Desde hace tiempo tengo en la larga lista de libros pendientes Retour à Reims (Regreso a Reims), de Didier Eribon, en la que el autor reflexiona sobre el entorno social de su infancia, en Reims, del que se alejó pronto, pero al que vuelve para entender mejor a sus padres y, de paso, a la propia sociedad francesa, al modo de Édouard Luois, cuya historia y cuyas obras tienen no pocos paralelismos con la de Eribon. Jean Gabriel-Périot ha tomado el título y varios fragmentos de aquella obra para poner en pie una película homónima, que recorre de la mano del libro y con la voz de Adèle Haenel, la historia de la clase obrera francesa en las últimas décadas. Es una película fascinante, que se apoya en imágenes de archivo, tanto películas como entrevistas de televisión a personas corrientes. Es una película producida por Arte, que puede verse en este canal francoalemán que tantos buenos documentales realiza.
La película habla de cosas que no se suelen hablar. Dividido en tres partes (dos movimientos y un epílogo), la obra va desde la juventud de los abuelos del autor hasta la irrupción del Frente Nacional y su conquista de parte del voto obrero desencantado que se siente abandonado por todos, en especial por la izquierda. Es una obra que se traslada al pasado para reflexionar sobre el presente, que da un paso atrás para entender dónde estamos. Hay una pasaje especialmente poderoso en el que el autor cuenta que odia las relaciones jerárquicas desde que, cuando era niño, su madre lo llevaba en ocasiones a las casas en las que ella trabajaba limpiando y haciendo las labores del hogar. Allí el niño vio a señores tratar de forma despótica a su madre, allí aprendió la diferencia entre la clase dominante y la dominada, entre el poder y los que lo sirven.
Es fascinante la mirada al pasado reciente de Francia. Por ejemplo, la historia de su abuela, que tras la liberación fue acusada de haber mantenido relaciones con un soldado alemán y fue humillada por ello. Una mujer que sufrió lo indecible, que no sabía leer ni escribir, pero que jamás se quejó de sus condiciones de vida, porque asumía que era lo que le tocaba. El machismo, la falta absoluta de libertades y oportunidades de la mujer, se muestra de forma descarnada en el filme. Su padre tenía un trabajo duro en una fábrica, pero su madre tenía dos trabajos, el de fuera de casa y el doméstico, que naturalmente le correspondía a ella en absoluto.
La película refleja una sociedad nítidamente divida en clases, incluso en las escuelas, con centros educativos para los hijos de los obreros y otros para los de familias más adineradas. El autor cuenta que se suele emplear como eufemismo el término "desigualdad social" cuando de verdad se está hablando de "violencia social". La obra reflexiona sobre el determinismo, sobre si es posible o no escapar de aquello para lo que se supone que ha nacido alguien en una familia humilde. De su padre, por ejemplo, cuenta que no sabe gran cosa, que no sabe cómo veía el mundo, pero que entiende que su vida, su personalidad, su pensamiento, responden al lugar y a la época en la que nació, que le dio su lugar en el mundo. Su padre abandonó el colegio a los 14 años.

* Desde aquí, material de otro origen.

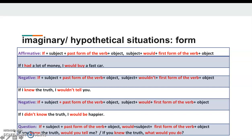For the negative form: 'If I knew the truth, I wouldn't tell you.' Eğer doğruyu bilseydim, sana söylemezdim. Or we can make the if-clause negative: 'If I didn't know the truth, I would be happier.' Eğer gerçeği bilmeseydim, daha mutlu olurdum.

Sus padres se conocieron en el baile popular de la semana, única alternativa de ocio real para muchas personas. De ese pasado en el que existía una solidaridad y una conciencia de clase se pasa en los años 80 a un momento diferente, más ambiguo. Cuenta que su abuelo y su padre solían empezar muchas frases diciendo “nosotros, los obreros...” y que toda su familia era comunista. La película muestra la decepción de los trabajadores con Mitterrand, cuya victoria electoral fue recibida como una gran esperanza. Y muestra también el discurso de Le Pen, esa lema inmundo, "un millón de parados es un millón de inmigrantes que sobra".

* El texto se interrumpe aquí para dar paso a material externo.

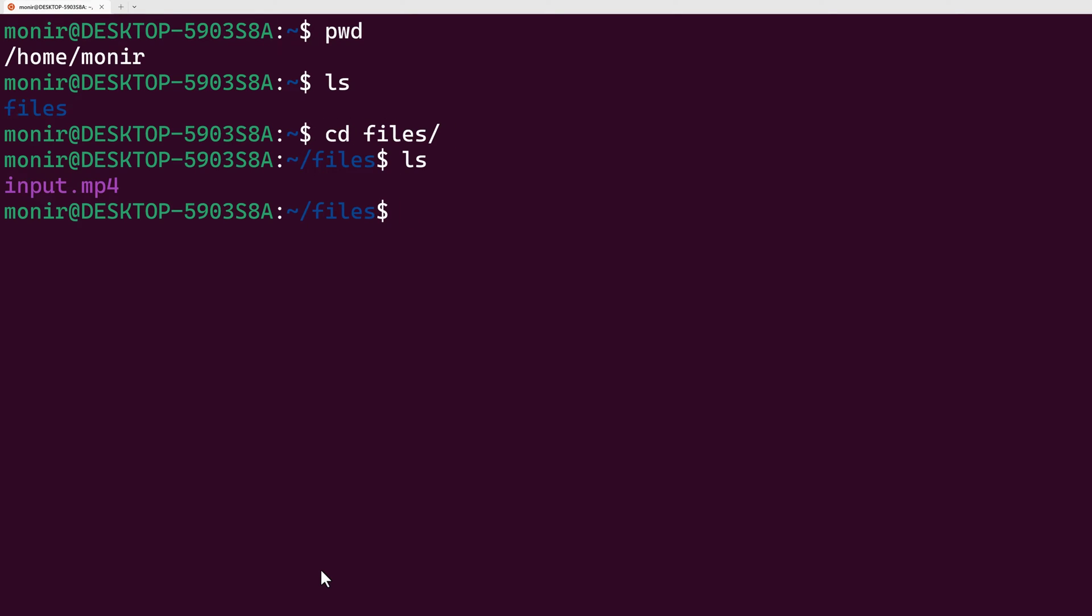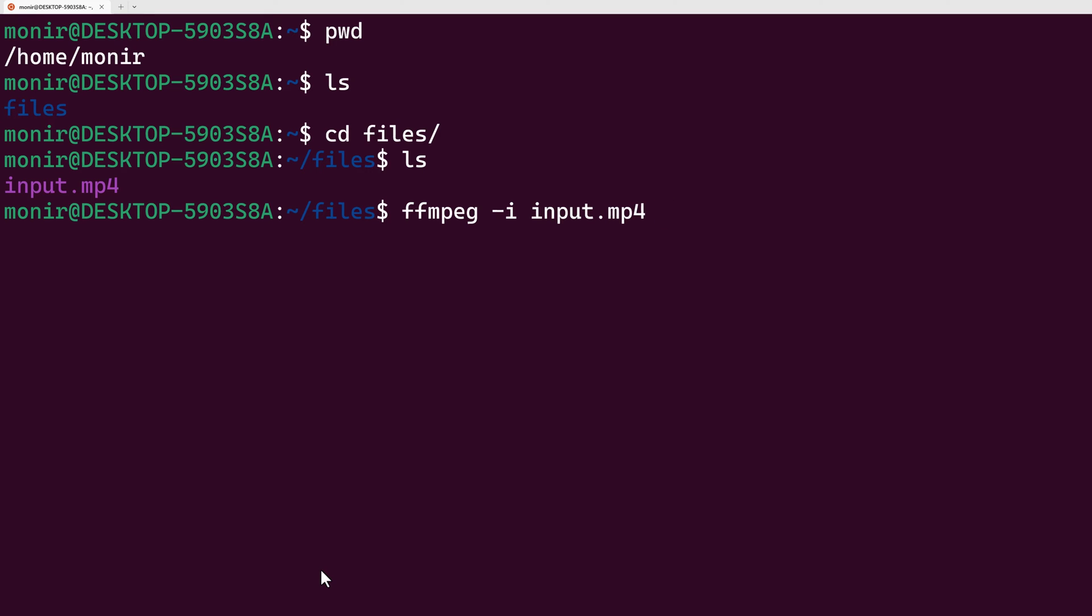Here I have a video file named input.mp4. I want to convert this mp4 to an mp3 audio file. In order to do that, I'll type FFmpeg, the input file input.mp4, and the output will be mp3. I'm setting the output file name as output.mp3. Based on the file extension, FFmpeg will understand what needs to be done.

Reconoce el autor que desde niño escuchó un lenguaje peyorativo cuando los mayores se referían los extranjeros. No niega el racismo imperante en su familia y en la clase pobre en la que creció. Los últimos contra los penúltimos. De pronto, no es la clase social lo que importa, sino la nacionalidad. Aunque, en realidad, un obrero francés tenga mucho más en común con un obrero libanés que con un empresario francés. Según se acerca el final de la película ésta adopta un tono desencantado, que lamenta el individualismo de la sociedad, aunque concluye mostrando movilizaciones como las de los chalecos amarillos o las del movimiento ecologista como tímidas luces de esperanza, como pequeños atisbos de vuelta a esa solidaridad y unión de acción de la clase obrera que vio de niño y que se fue perdiendo año tras año. La película, en fin, acierta al plantear, desde una mirada íntima y muy personal, una poderosa y estimulante reflexión sobre el devenir de la sociedad francesa (y de las sociedades occidentales en su conjunto) en las últimas décadas hasta nuestros días, en los que el discurso de la extrema derecha cuenta con un amplio y muy preocupante apoyo.